When she appears at the crucifixion in John 19:25 she is likewise not named, only identified as the mother of Jesus.  John is the only gospel which has Mary at the crucifixion of Jesus; she is not at the burial or the resurrection at all.
Mary the mother of Jesus is however named in the gospels of Mark and Matthew when villagers in Galilee are irate that Jesus should be preaching at their synagogue.  They believe him to be a carpenter, or the son of a carpenter, from Nazareth and do not realise that he is a rabbi: ‘Is not this the carpenter, the son of Mary, the brother of James, and Joses, and of Juda, and Simon? and are not his sisters here with us?’ (Mark 6:3; Matthew 13:55 also mentions Mary and her sons by name but makes no mention of her daughters.) 
And finally Mary the mother of Jesus is mentioned by name in Acts 1:14 at Pentecost where after the resurrection the Holy Spirit descends upon those in the Upper Room. 
Mary has the distinction of being the mother of Jesus, but there is nothing in their relationship to suggest that she had any understanding of what he was about.  In the end there was a reconciliation of sorts when according to the gospel of John, though no one else, Mary came to see Jesus hanging on the cross and he acknowledged her with his dying breath, saying ‘Woman, behold thy son!’ (John 19:26). 

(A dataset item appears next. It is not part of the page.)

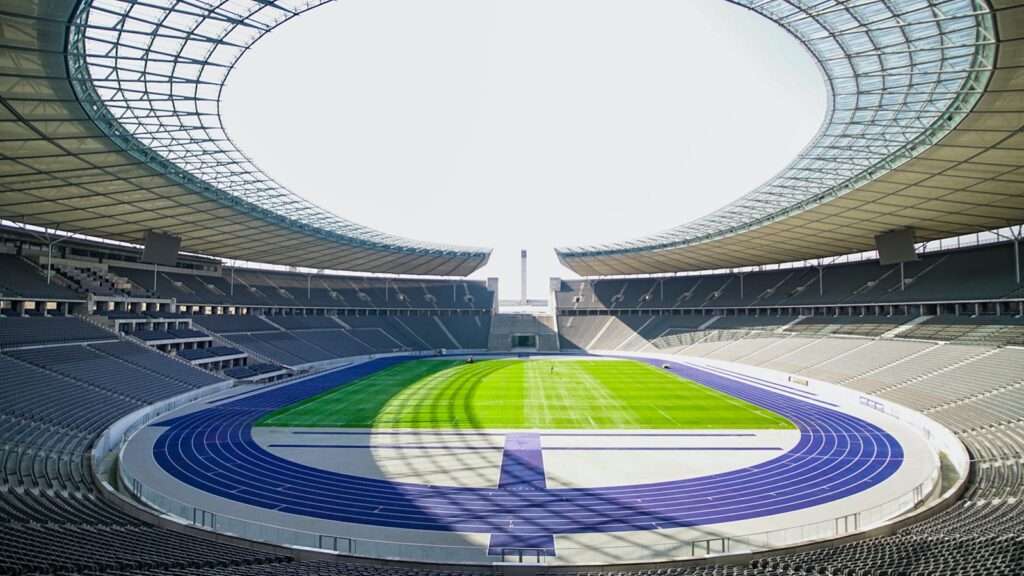 white and green stadium interior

In contrast, Mary Magdalene was Jesus’ constant companion throughout his ministry in Galilee and helped organise and finance the scores of people involved in his mission to heal and bring salvation to the sick and the poor (Luke 8:1-3).  She came with Jesus to Jerusalem, witnessed his crucifixion (Matthew 27:56; Mark 15:40; John 20:1), watched to see where his body was laid (Matthew 27:61; Mark 15:47), returned to anoint him on the third day and witnessed his resurrection from the dead (Matthew 28:1; Mark 16:1, 16:9; Luke24:1; John 20:1, 20:11, 20:16, 20:18) – fourteen mentions of Mary Magdalene by name, as well as other mentions, as when she is included among ‘the women from Galilee’. 

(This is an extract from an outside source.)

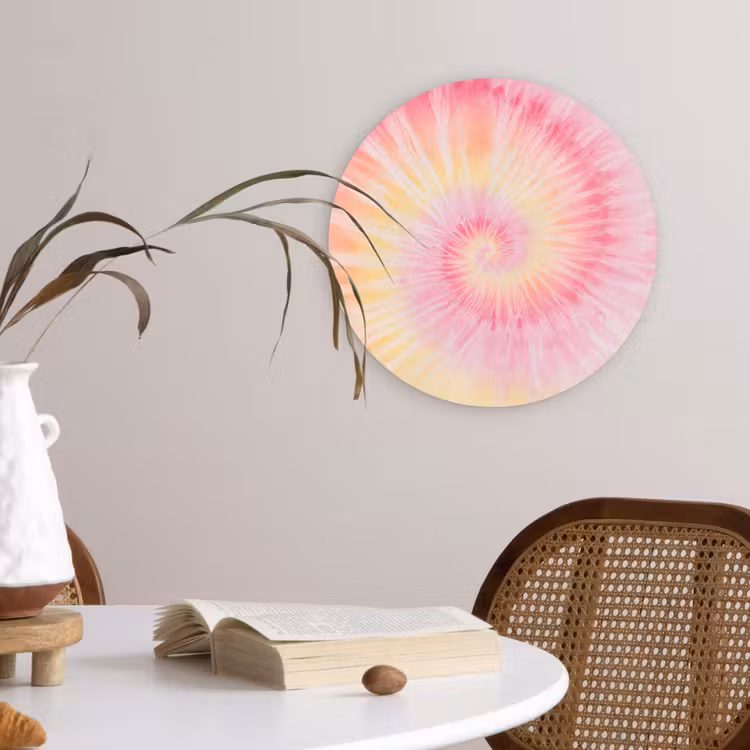 Muurcirkel - Patroon - Tie Dye - Pasteltinten - Roze — 4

Readers will be familiar with the notions of Mary the mother of Jesus as a perpetual virgin, the perfect mother and the Theotokos, ‘the mother of God’, of having been conceived immaculately, of ascending into heaven, of being an intercessor between God and man, the one who knows the deepest human suffering, the woman always gentle and obedient to God’s will.  But nothing of this model of the ‘perfect’ woman is found in the Bible where she is a somewhat irritating woman who has no comprehension of what her son is about; instead she is an invention who belongs entirely to later centuries, a relatively minor Biblical figure who was transformed into a major cult – while Mary Magdalene, the woman who knew Jesus, was turned into a whore.